La buccia di colore giallo citrino, ottenuta dai migliori limoni di forma ellittica, simmetrica e di dimensioni medio-grandi, è l'ingrediente principale del limoncello: molto rinomato, infatti, è quello prodotto in Campania utilizzando il Limone di Sorrento (il "Femminello") o lo Sfusato amalfitano IGP (foto).
Il termine "limoncello" è tra l'altro consentito solo per i liquori realizzati con gli agrumi IGP della penisola sorrentina. La preparazione è molto accurata, ma semplice e può essere realizzata anche a livello domestico. Esistono anche gustose varianti, quali la crema di limoncello, oppure le preparazioni che oltre agli ingredienti base prevedono l'impiego di ulteriori aromatizzazioni, che caratterizzano ulteriormente il sapore deciso e l'aroma intenso del liquore tradizionale.
Una ricetta base, da realizzare anche a casa è la seguente:
- 1,5 L di acqua;
- 1 L di alcool buongusto 95°;
- 10 limoni medio-grandi;
- 1,2 Kg di zucchero.
E' conveniente, se possibile, impiegare limoni della zona amalfitana, dando la preferenza a frutti di media-grande pezzatura, non trattati, con buccia spessa e rugosa e di color giallo chiaro.

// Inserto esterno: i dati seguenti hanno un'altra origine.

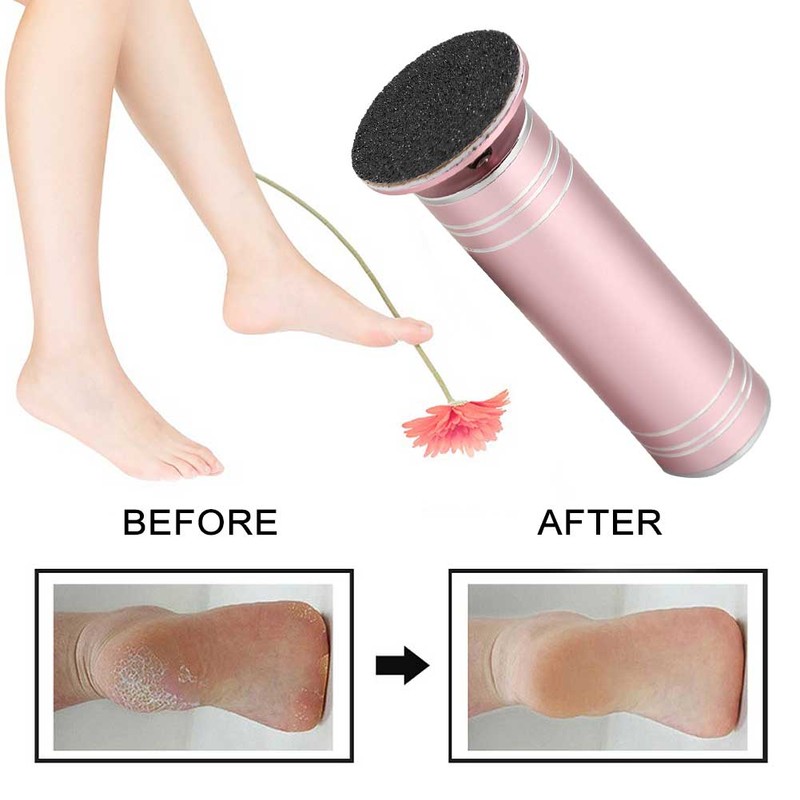 Automatic Electric Foot Grinding Machine Exfoliating Dead Skin Callus Removal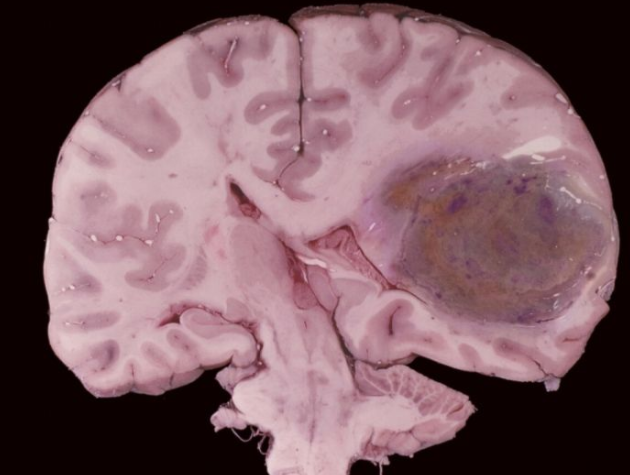 患脑肿瘤的早期症状表现有哪些呢?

Dopo aver lavato accuratamente i frutti, si procede alla sbucciatura in modo da estrarre solo la parte più superficiale (non l'albedo, ovvero la parte bianca spugnosa), che risulterebbe amara.
Si procede suddividendo le bucce in sottili fettuccine, da porre a macerare in 100 cL di alcool buongusto per circa 30 giorni, in un contenitore scuro a tenuta ermetica.
Al termine di questa fase, si porta ad ebollizione l'acqua e vi si scioglie lo zucchero (mantenendo il bollore solo incipiente), poi lo si lascia intiepidire e si aggiunge l'infuso preparato e la frazione rimamente di alcool. Dopo ulteriori trenta giorni di macerazione (nelle medesime condizioni precedenti) si procede alla filtrazione ed all'imbottigliamento, quindi si conserva in freezer.
Il miglior modo per gustare a pieno le caratteristiche del limoncello è a fine pasto, freddissimo, negli appositi bicchierini anch'essi lasciati qualche minuto in freezer.
Da non dimenticare la possibilità di impiegarlo per dare "un tocco" di personalità a fresche macedonie, o come ingrediente per un aperitivo estivo, o ancora per insaporire una crema dolce.